Auch wenn ich mich nicht umgebracht hatte, Hunger hatte ich dennoch nicht. Zu erwarten, dass jetzt alles gut war, war gelogen. Zum Glück schien Rezo das zu verstehen, denn er seufzte nur und ging mit seinem Teller zu unseren Tisch. Julien saß bereits dort und biss genussvoll in sein Brot.
Etwas unsicher setzte ich mich neben ihn und goss mir ein Glas Wasser ein. Immerhin Durst hatte ich. Allerdings hatte ich den ganzen Tag schon nichts getrunken, irgendwann setzte der Instinkt wohl doch ein.
,,Kein Essen?", fragte Julien und zeigte auf den nicht vorhandenen Teller vor mir.
,,Heute nicht", ich schüttelte den Kopf und trank einen Schluck.
,,Morgen wieder", fügte Rezo hinzu und ich nickte langsam.
Morgen. Es würde ein Morgen geben. Der Gedanke war merkwürdig.
Wenn man sich entschieden hatte zu gehen und doch blieb fühlte sich jede weitere Sekunde unwirklich an. Als wäre ich an einer Kreuzung falsch abgebogen und jetzt in einer ganz anderen Straße.
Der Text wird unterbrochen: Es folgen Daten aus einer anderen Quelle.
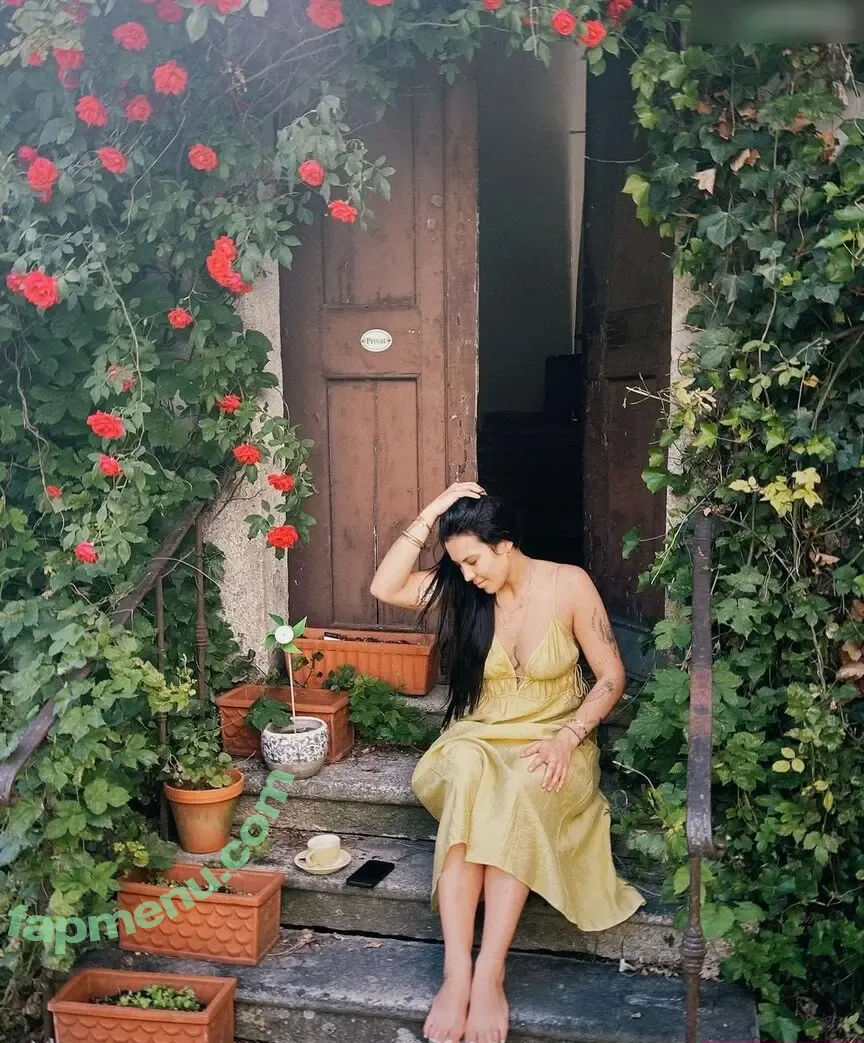Vendewaa nude photo #0045 (Vendewaa)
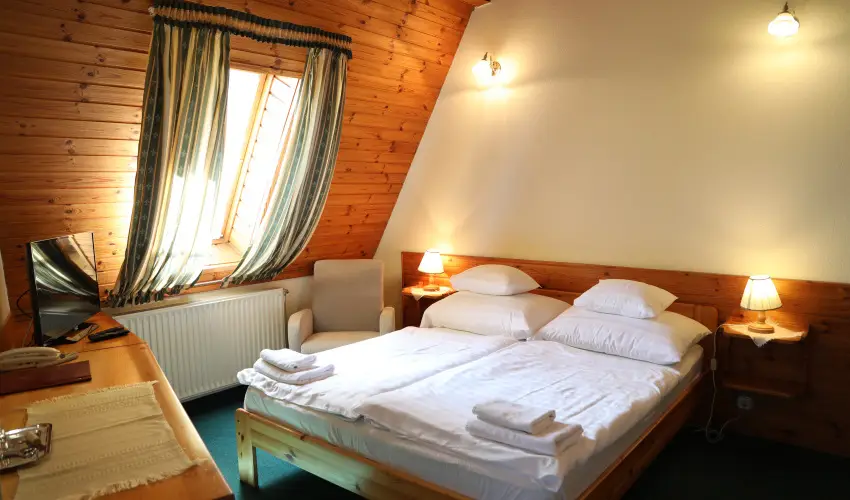Hajd Kastly Hotel Hajdszoboszl - Oktber 23. (min. 3 j)
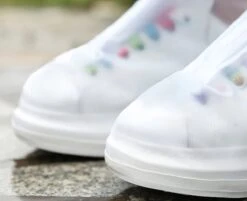 Unisex Waterdichte Overschoenen Met Rits En Aantrekkoord - Maat L 37/38 - Herbruikbaar – Transparant - Anti Slip Regen Overschoen - Schoenhoesjes - Waterdichte Schoenbeschermers - Regenhoes – Schoenovertek - Regenlaarzen -Buitenkampeeruitrusting 1200x975 2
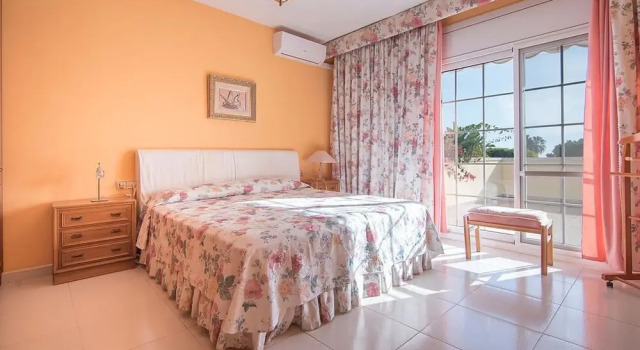 Gallery Villa 650M from the Beach (R81), Забронировать Вилла Виллы El Baix Penedès, Вилла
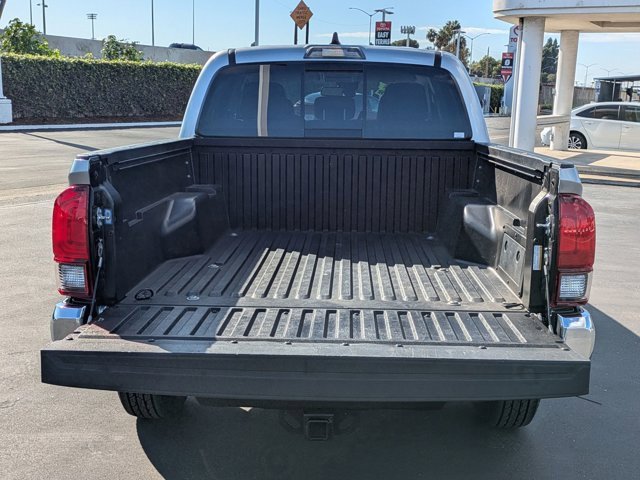 Used 2021 Toyota Tacoma SR5 image 10
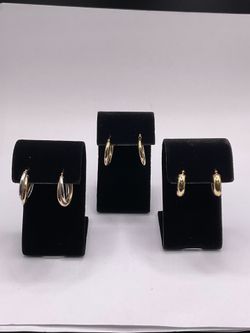 Gold earrings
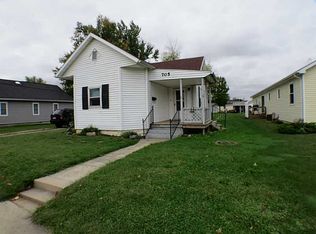 705 Buchanan St, Wapakoneta, OH 45895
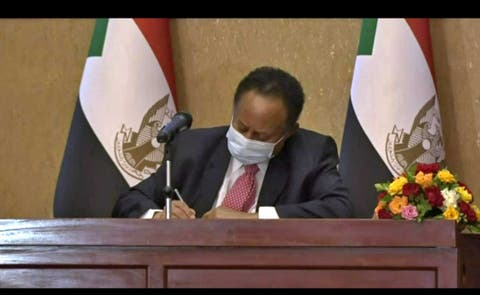 رويترز: رئيس الوزراء السوداني ينوي الاستقالة من منصبه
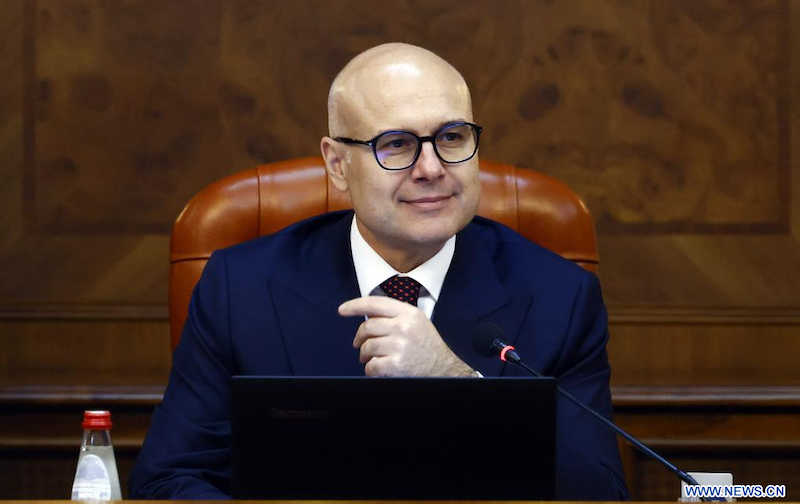 Le parlement serbe adopte la liste des membres du nouveau gouvernement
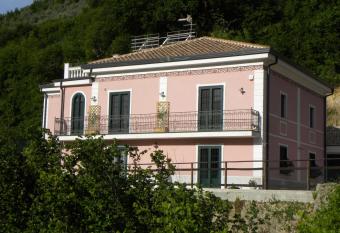 Guest House Cifrino has Balcony rooms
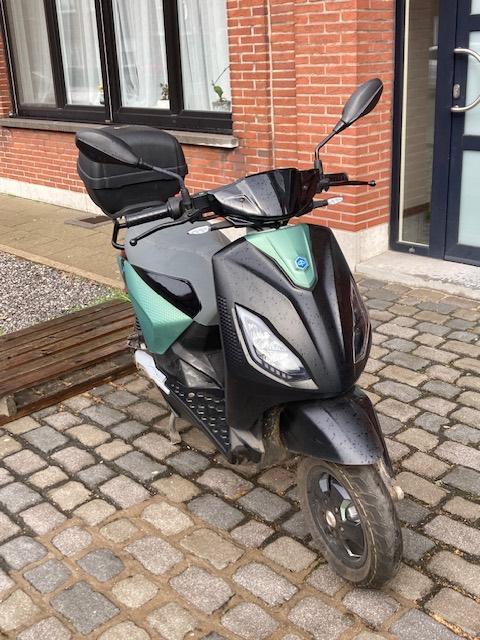 Piaggio One Plus – Mat Zwart / Mat Jade – met Topcase, Fietsen en Brommers, Scooters | Piaggio, Zo goed als nieuw, Overige modellen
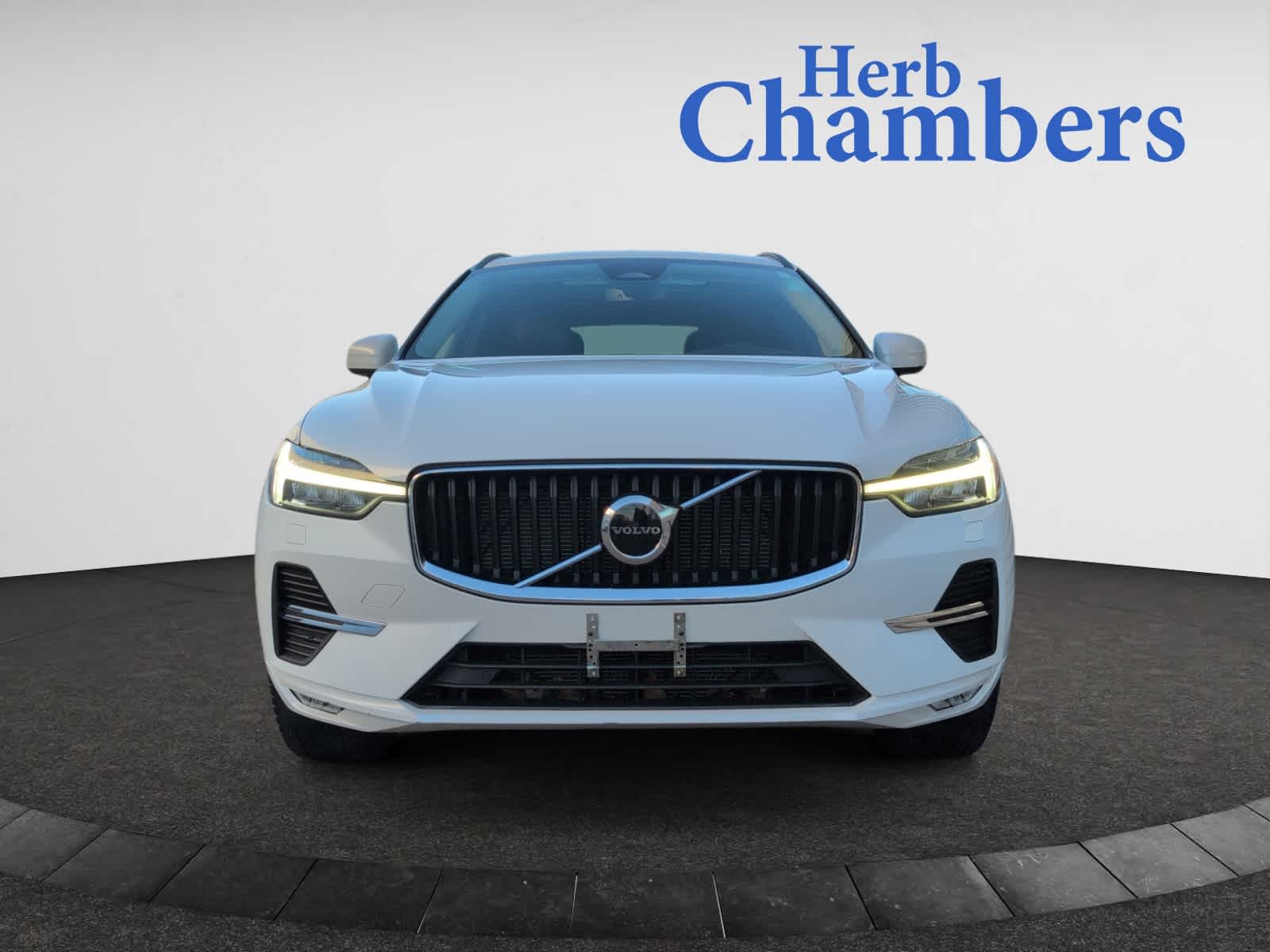 used 2022 Volvo XC60 car, priced at $33,998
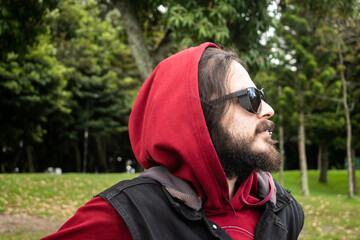 Joven ciego con barba observando el paisaje natural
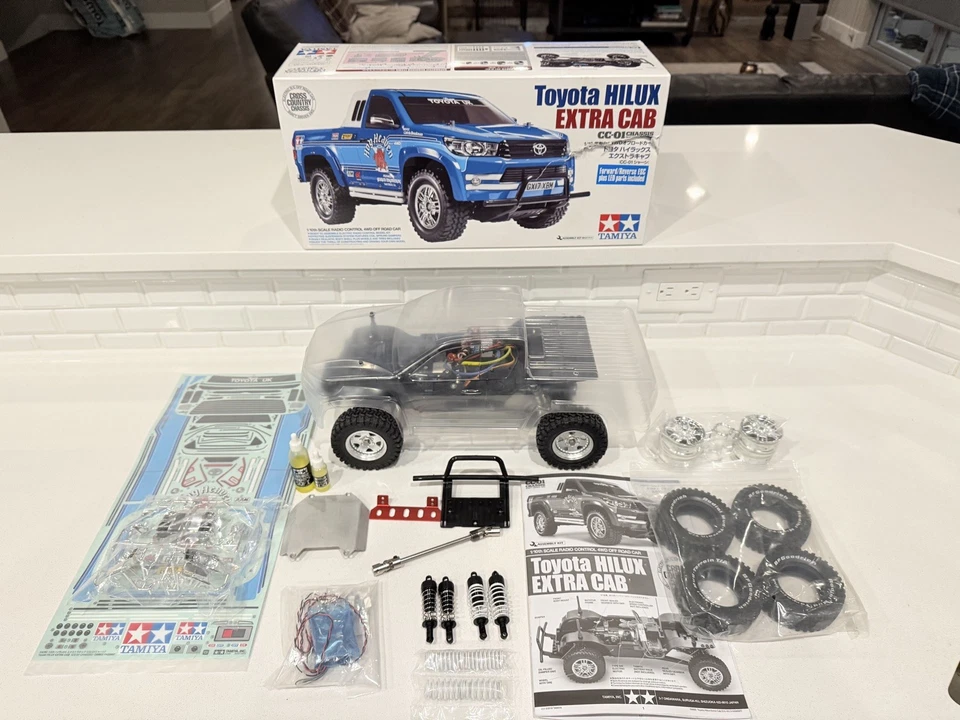 TAMIYA 1/10 Scale Toyota HILUX EXTRA CAB CC-01 4WD Off Road R/C Model Truck Kit - Image 3 of 4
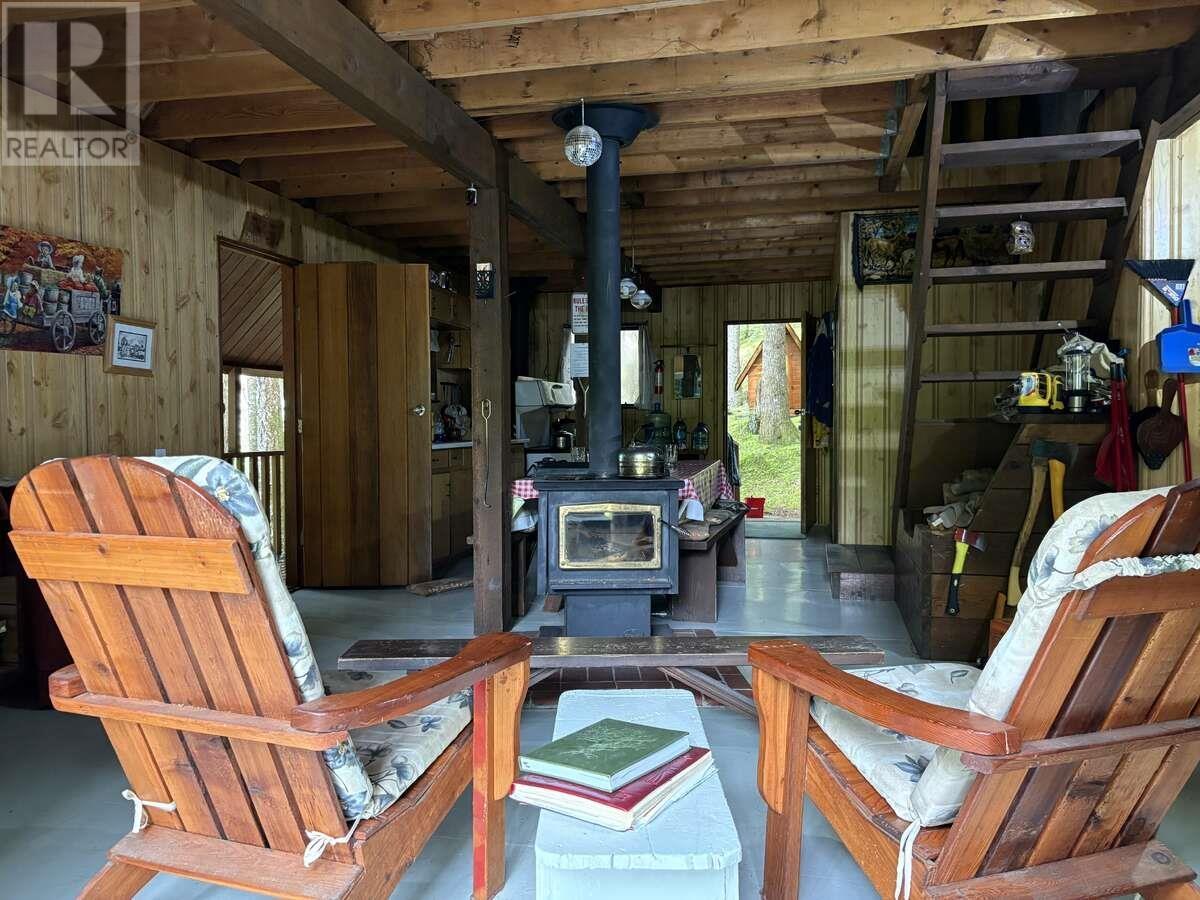 6164 Garibaldi Park Road Property Photo 6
In einer, die ich weder kannte noch traute. Der ich folgen musste, weil ich den Weg zurück nicht kannte.
,,Mexify", hörte ich Rewi in dem Moment sagen und sah auf. Wie immer hatte er seine Haare auffällig gestylt und trug einen makellosen grauen Hoodie. Ich erwiderte sein Lächeln so gut es ging.
,,Habt ihr euch endlich vertragen?", fragend sah er von mir zu Rezo. Dieser nickte lächelnd.
,,Mega", freute sich Rewi und setzte sich mir gegenüber auf den Stuhl.
,,Wo ist Felix?", fragte Julien und biss wieder in sein Brot.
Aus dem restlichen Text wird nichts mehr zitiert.